DATASET ENTRIES
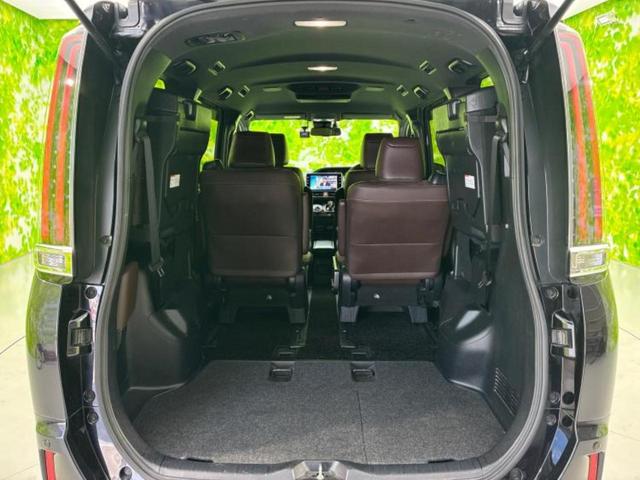 エスクァイア ハイブリッドGiプレミアムパッケージ 保証書/純正 10インチ SDナビ/フリップダウンモニター 純正 12.8インチ/衝突安全装置/両側電動スライドドア/シートヒーター/車線逸脱防止支援システム/シート ハーフレザー 後席モニター(21枚目)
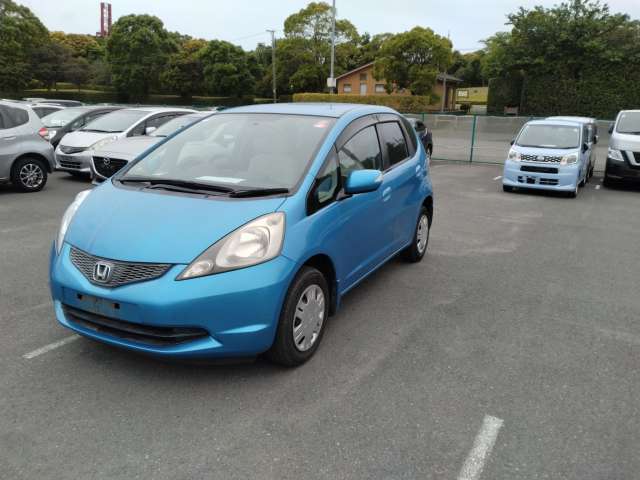 HONDA FIT photo 2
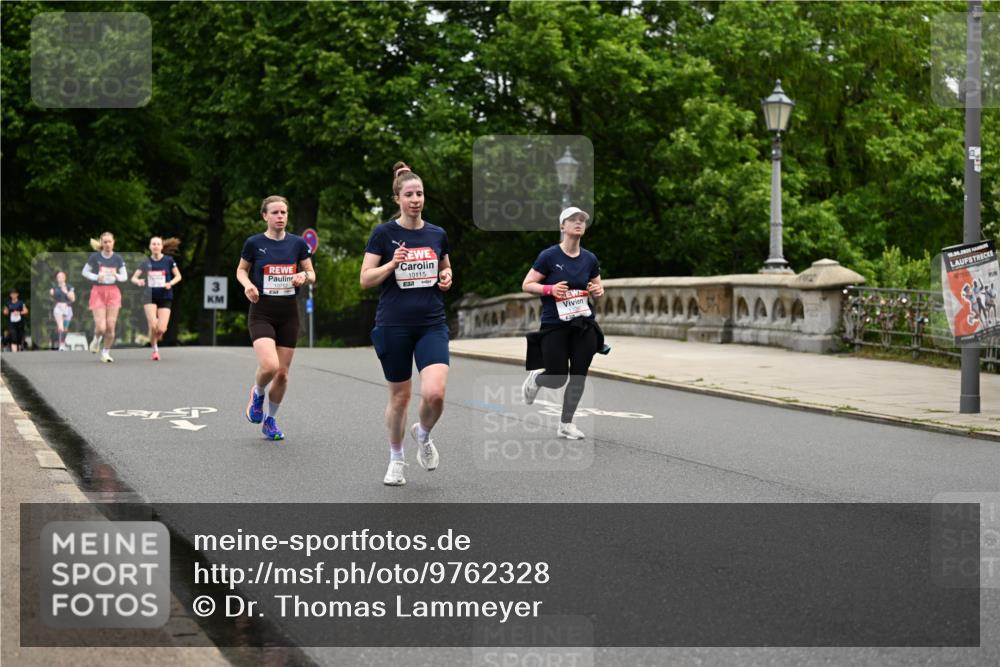 14.06.2026 - REWE Women's Run Dr. Thomas Lammeyer http://msf.ph/oto/9762328 14.06.2026 09:35:21 Laufen 10115, 06, 10, 2026 meine-sportfotos.de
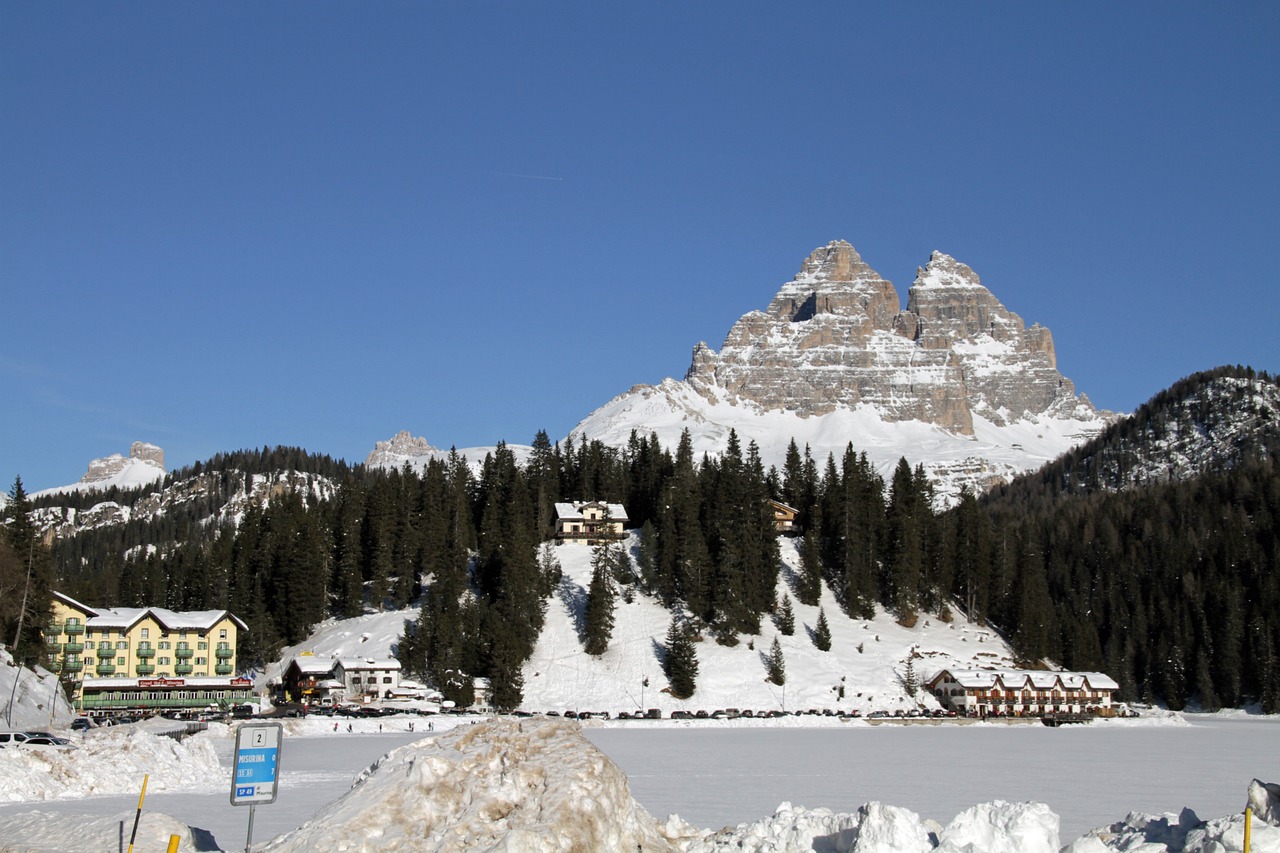 Non andare alle Dolomiti in questo weekend: rischio traffico record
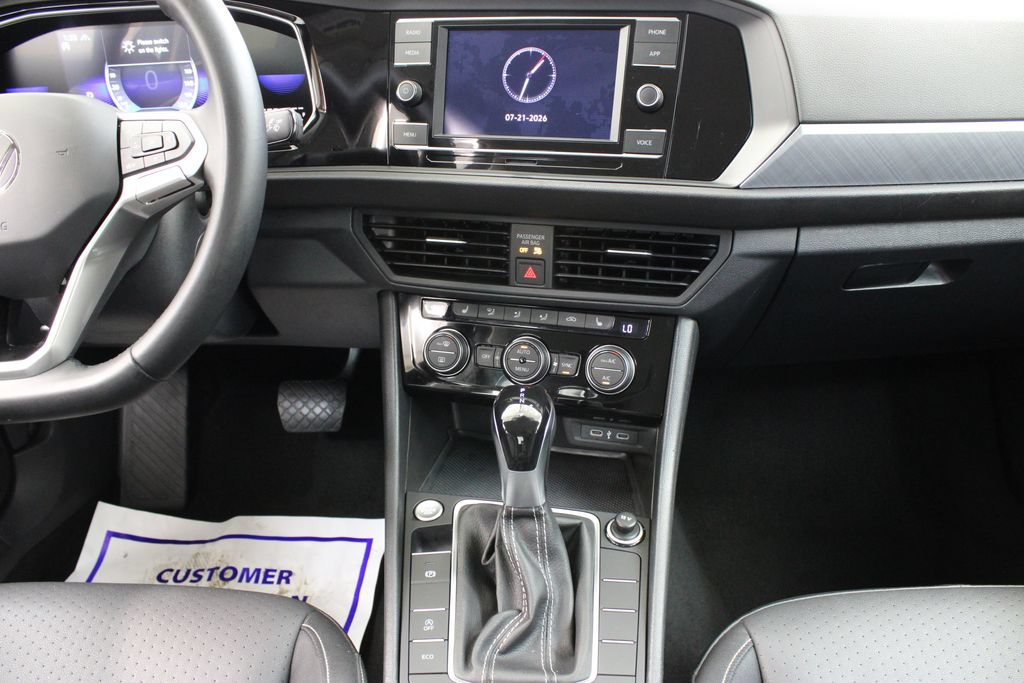 Used 2024 Volkswagen Jetta SE FWD image 20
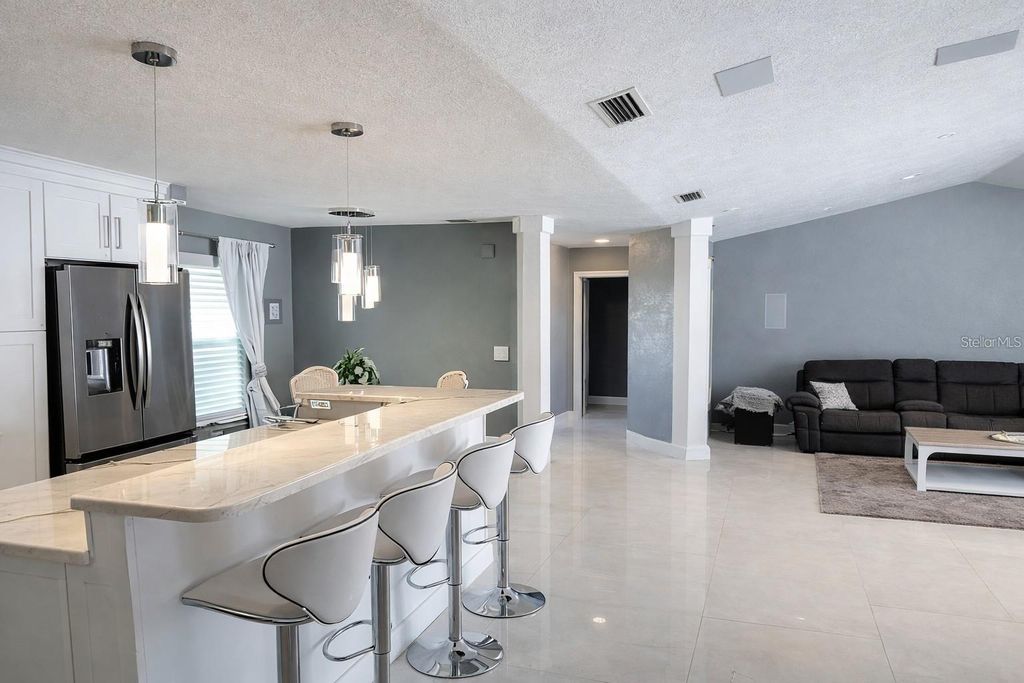 Image 7 of property listing at 1840 FLAMETREE LANE, Venice, FL 34293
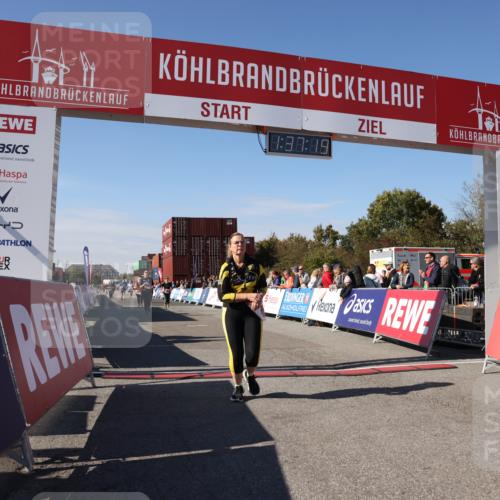 03.10.2025 - Köhlbrandbrückenlauf Lena Gebhardt http://msf.ph/oto/9072364 03.10.2025 13:37:19 Ziel 5143, 5241, 5262, 5303, 5466, 5554, 5576, 6000, 6380, 6381, 6521 meine-sportfotos.de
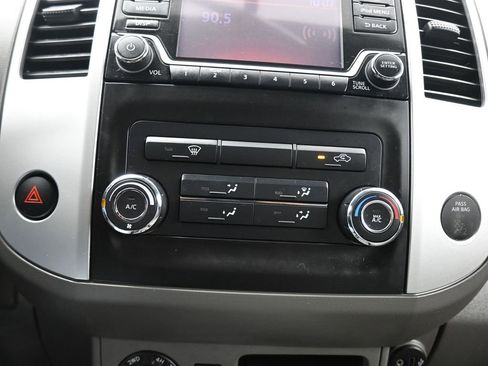 Used 2017 Nissan Frontier SV AWD/4WD image 16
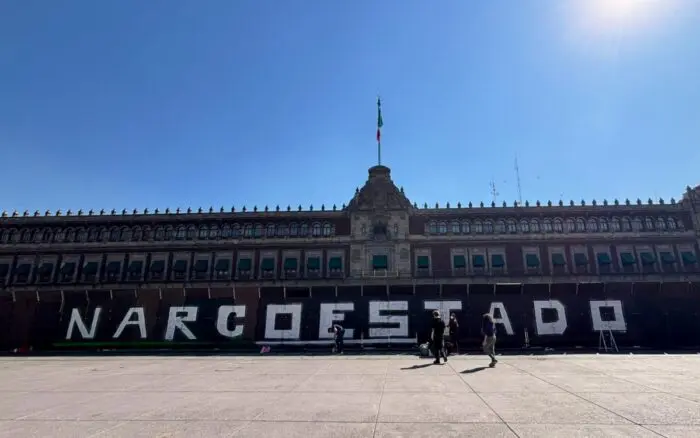 Blindan Palacio Nacional ante movilizaciones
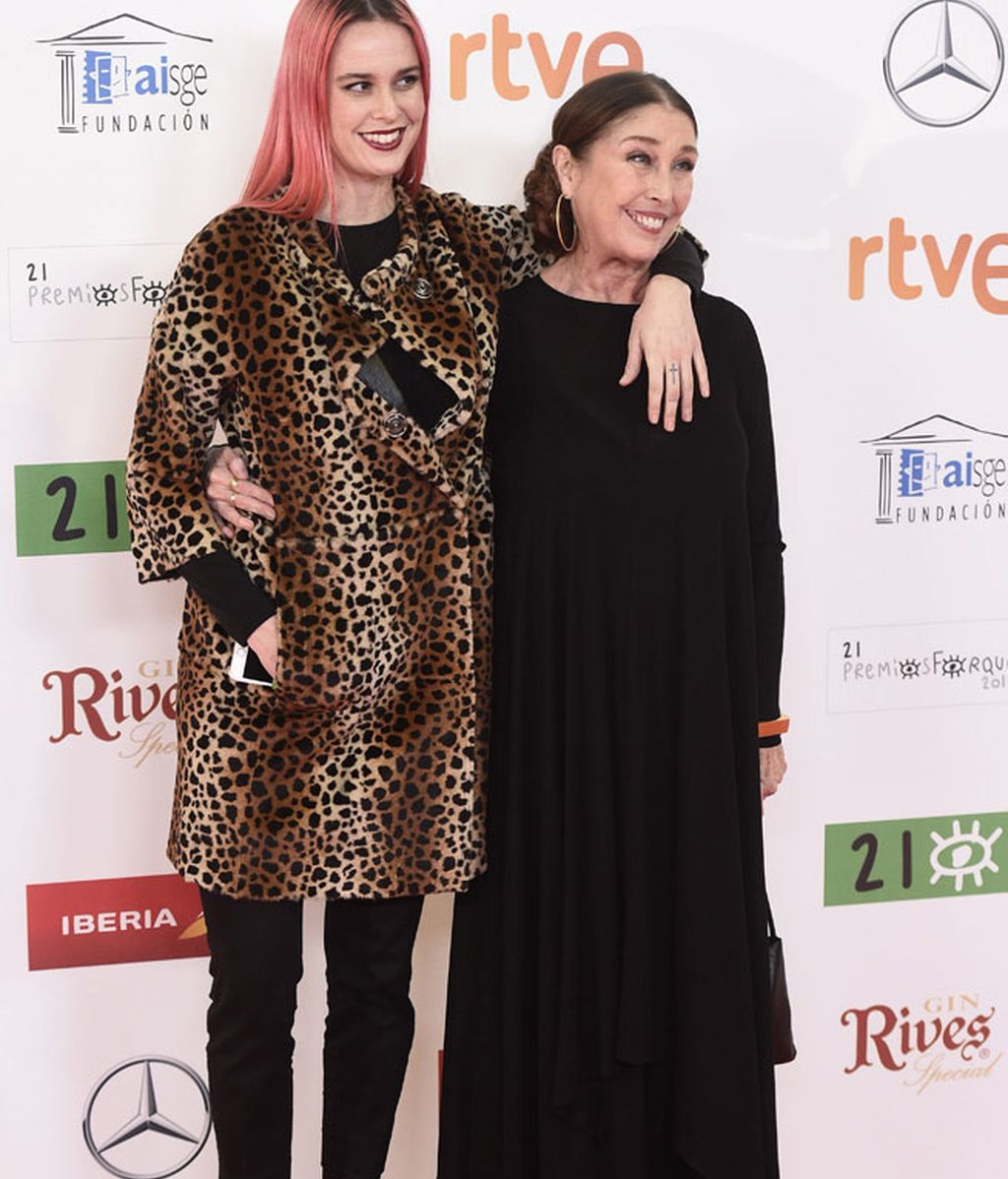 Verónica Forqué con su hija María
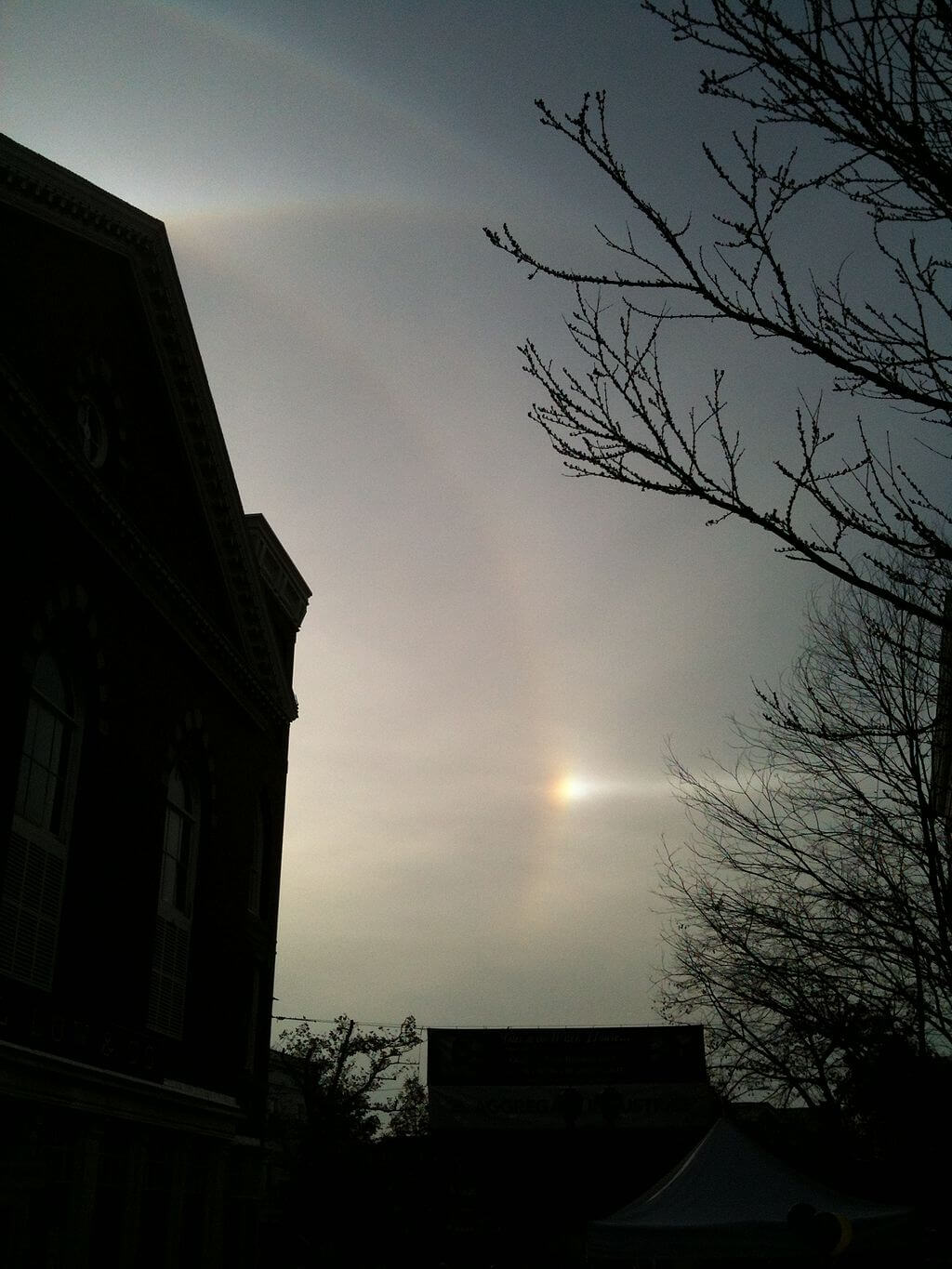 Halo (optical phenomenon) - Wikipedia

ASSIGNED TASK
The required output consists only of the lines from the one containing "Used 2017 Nissan" to the last line of the material, reproduced exactly, pictures excluded.

SOLUTION TO THE PROBLEM
 Used 2017 Nissan Frontier SV AWD/4WD image 16
 Blindan Palacio Nacional ante movilizaciones
 Verónica Forqué con su hija María
 Halo (optical phenomenon) - Wikipedia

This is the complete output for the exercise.